Miles de desertores han hecho este curso acelerado para adaptarse al siglo XXI. Aunque el Estado les da vivienda, ayuda laboral y económica durante cinco años, integrarse es un desafío descomunal. Desde 1999 hasta la semana pasada habían llegado a Corea del Sur 27.132 desertores (el 76% mujeres, el 84% de tres provincias del noreste fronterizas con China). La surcoreana es una sociedad de 50 millones de habitantes (el doble que su vecino norteño) que en seis décadas ha prosperado de manera inimaginable. Pero el desarrollo económico ha conllevado una cultura de competencia feroz en la que los niños van a clases particulares hasta casi medianoche, y en la que difícilmente hay espacio para quien creció en una dictadura donde empleo, vivienda y los alimentos básicos están garantizados (en teoría).
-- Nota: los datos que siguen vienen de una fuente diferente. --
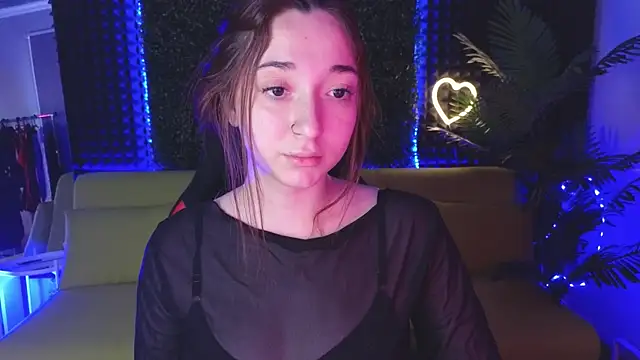 YasmineWest online show from 12.11.24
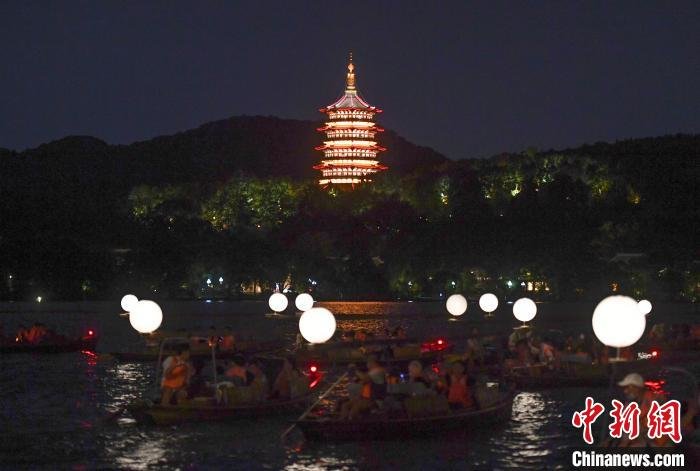 月亮船点亮西湖 王刚 摄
Pero la mayoría de los desertores no huye del represivo sistema basado en el control de la información y los castigos colectivos. Son amas de casa y campesinos que cruzan a China escapando de la miseria. Muchos ni se planteaban desertar, cruzaban a China para hacer dinero —la corrupción ha abierto fisuras en la frontera— pero una cosa les llevó a otra, y un día aterrizaron en Seúl.
Los desertores norcoreanos son una fuente clave para reconstruir las atrocidades perpetradas por el régimen. “Las primeras preguntas son del tipo ‘¿Has visto alguna producción visual hecha fuera del país?, ¿Conoces a alguien que fuese enviado a un campo de prisioneros?, ¿A alguien que haya desaparecido de repente?, ¿Conoces el concepto de derechos humanos?”, detalla la investigadora Jeanne Kim. Con los testimonios, ella y sus colegas construyen la base de datos del Centro para los Derechos Humanos en Corea del Norte. Sus informes son un relato de los peores espantos, ocurridos a menudo años antes de la huida.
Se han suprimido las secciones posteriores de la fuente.